Give back the listing in full and exactly, leaving out the images.

[Start of Attachment]

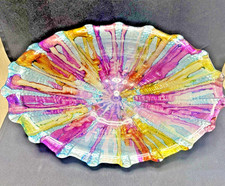 Murano Venetian Italian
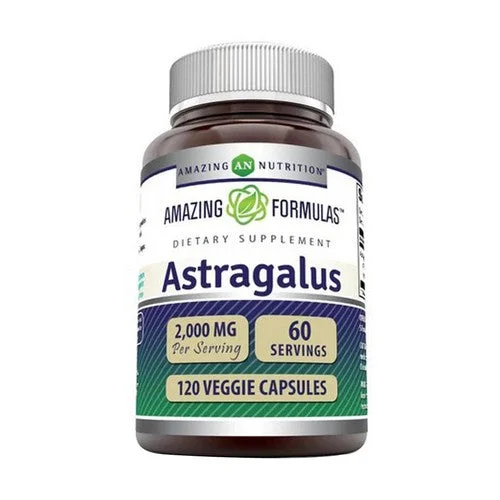 greensnutrition2351980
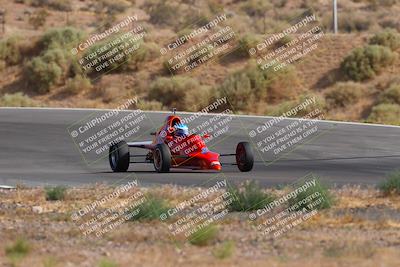 media/Jun-01-2025-CalClub SCCA (Sun) [[eae223c5dd]]/Group 3/Qualifying/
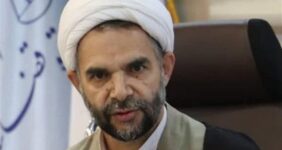 توقیف و مصادره اموال عناصر وطنفروش با قدرت ادامه دارد توقیف و مصادره اموال عناصر وطنفروش با قدرت ادامه دارد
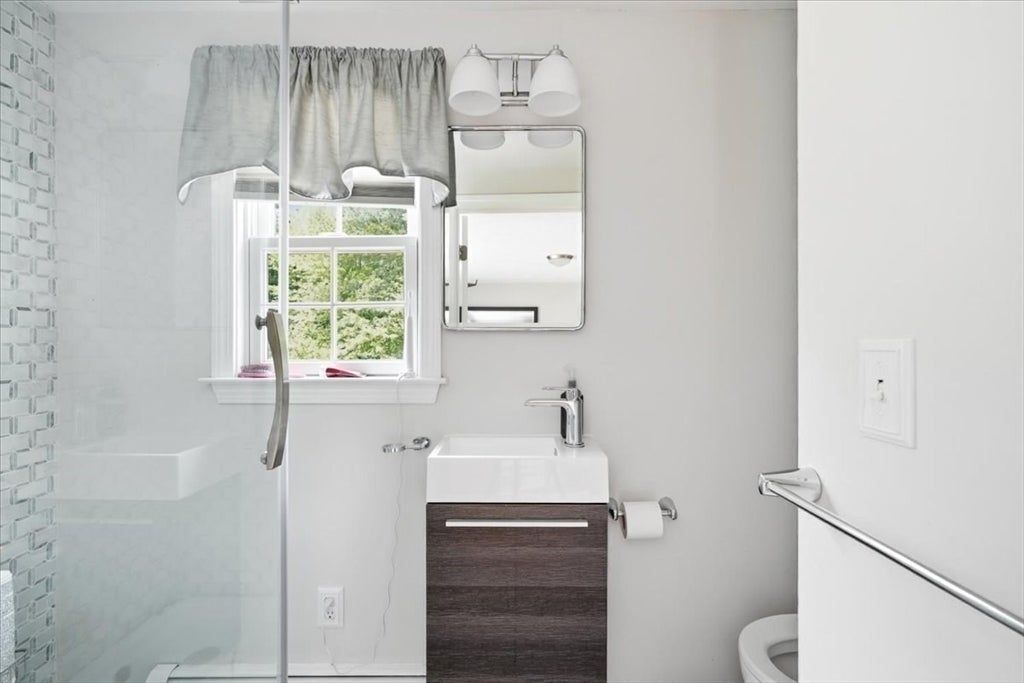 31 Rayfield Rd, Marshfield, MA, 31 Rayfield Rd, Marshfield, MA Photo #23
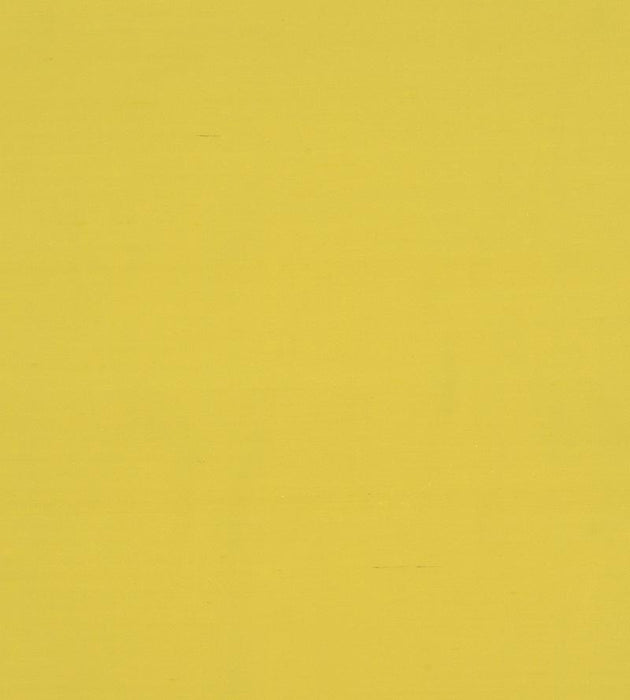 Christian Fischbacher Jamila Ii Lemon Fabric CH 01434500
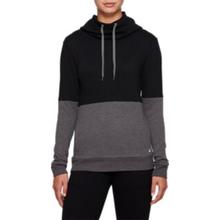 Funnel Hoodie by ASICS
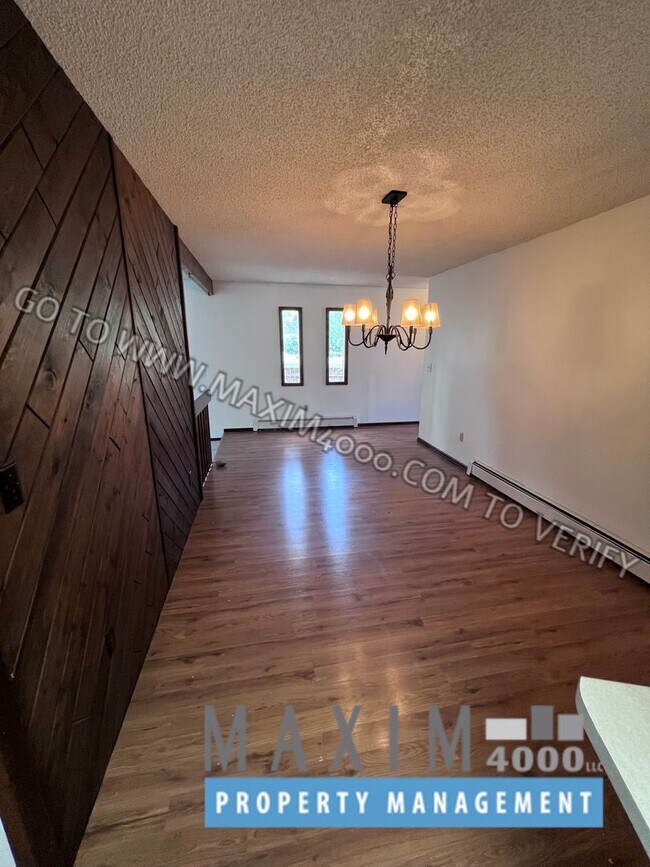 376 E Valley Cir House House Rental in Grand Junction, CO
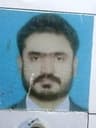 Abdul Kuddus
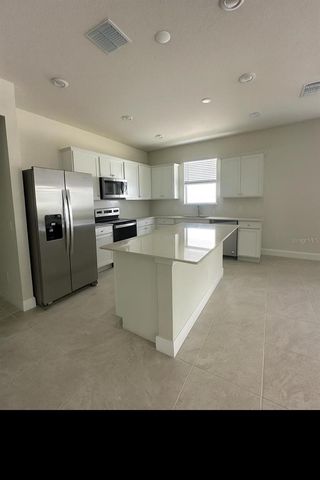 6040 WILDLINE DRIVE, St Cloud, FL 34771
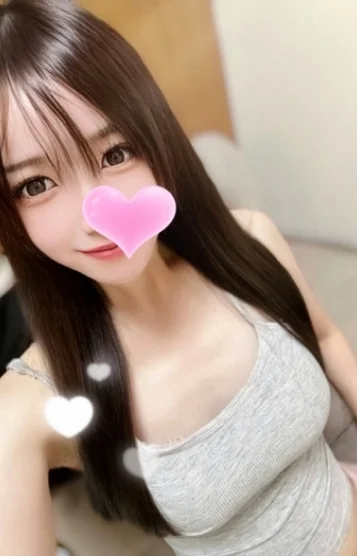 りむ 画像2
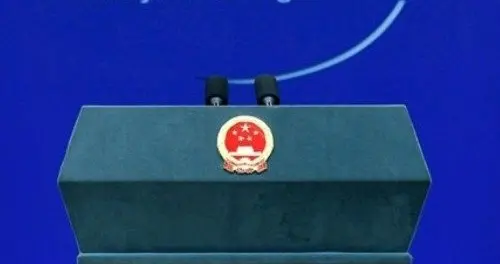 中方12字回应是否加入和平委员会！戳破美式霸权的和平骗局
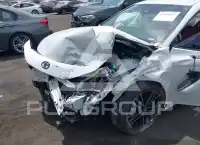 2026 Toyota CAMRY фото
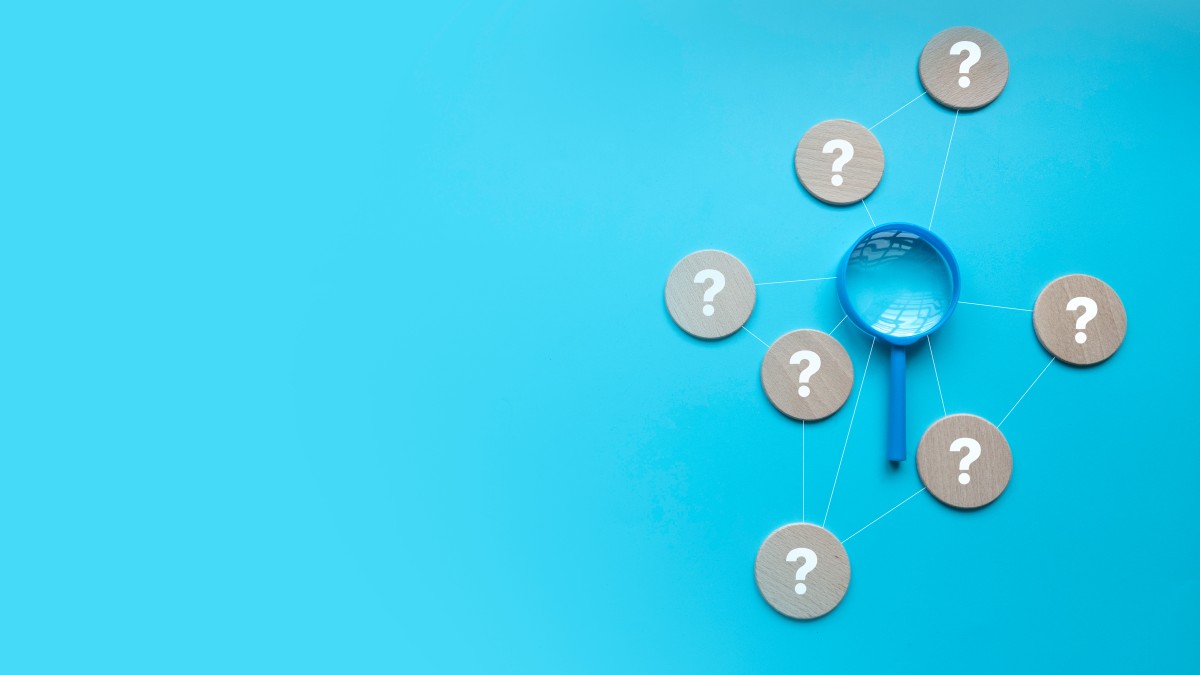 Is GoHighLevel Worth It for Your Small Business?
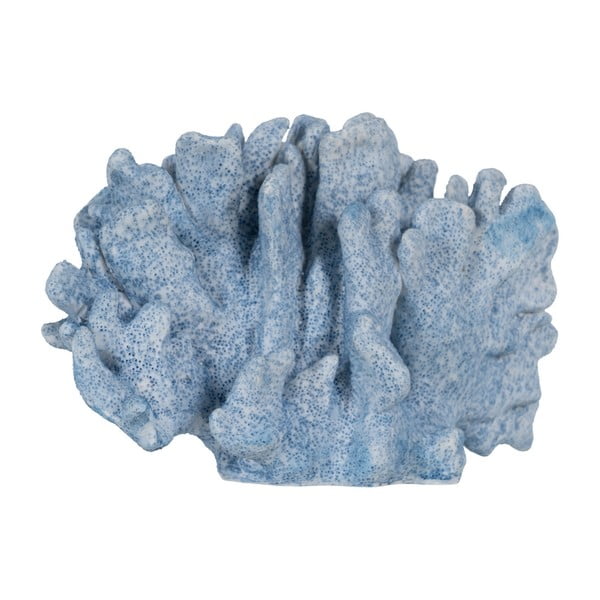 Soška z polyresinu (výška 16 cm) Coral – Ixia-image-3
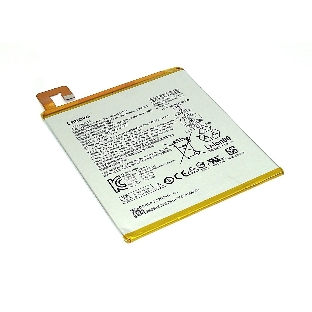 Аккумуляторная батарея для планшета Lenovo Tab E10 TB-X104F 4850mAh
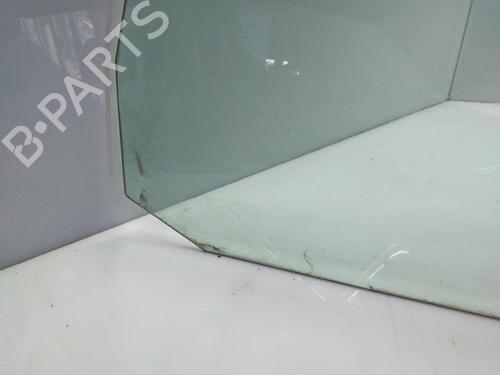Front left door window VW GOLF V (1K1) 1.4 16V | BP28159945C18 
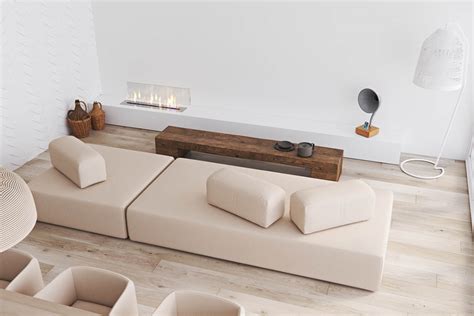 minimalist sofa ideas  living room wwwresnoozecom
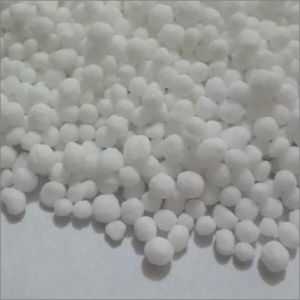 Urea Granules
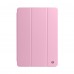 Чехол ArmorStandart Smart Fold Pen для Lenovo Idea Tab Pink (ARM89519)
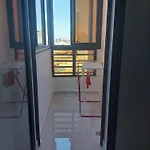 Marrakech 2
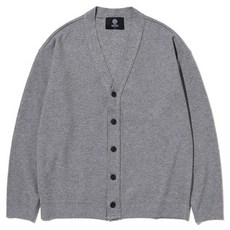 Knitted 人造絲可水洗針織衫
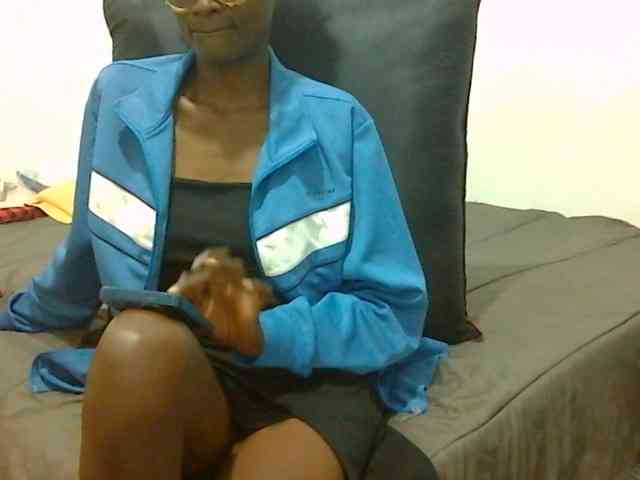 chocolatebella webcam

[End of Attachment]

■ Exercise output:
 Murano Venetian Italian
 greensnutrition2351980
 media/Jun-01-2025-CalClub SCCA (Sun) [[eae223c5dd]]/Group 3/Qualifying/
 توقیف و مصادره اموال عناصر وطنفروش با قدرت ادامه دارد توقیف و مصادره اموال عناصر وطنفروش با قدرت ادامه دارد
 31 Rayfield Rd, Marshfield, MA, 31 Rayfield Rd, Marshfield, MA Photo #23
 Christian Fischbacher Jamila Ii Lemon Fabric CH 01434500
 Funnel Hoodie by ASICS
 376 E Valley Cir House House Rental in Grand Junction, CO
 Abdul Kuddus
 6040 WILDLINE DRIVE, St Cloud, FL 34771
 りむ 画像2
 中方12字回应是否加入和平委员会！戳破美式霸权的和平骗局
 2026 Toyota CAMRY фото
 Is GoHighLevel Worth It for Your Small Business?
 Soška z polyresinu (výška 16 cm) Coral – Ixia-image-3
 Аккумуляторная батарея для планшета Lenovo Tab E10 TB-X104F 4850mAh
Front left door window VW GOLF V (1K1) 1.4 16V | BP28159945C18 
 minimalist sofa ideas  living room wwwresnoozecom
 Urea Granules
 Чехол ArmorStandart Smart Fold Pen для Lenovo Idea Tab Pink (ARM89519)
 Marrakech 2
 Knitted 人造絲可水洗針織衫
 chocolatebella webcam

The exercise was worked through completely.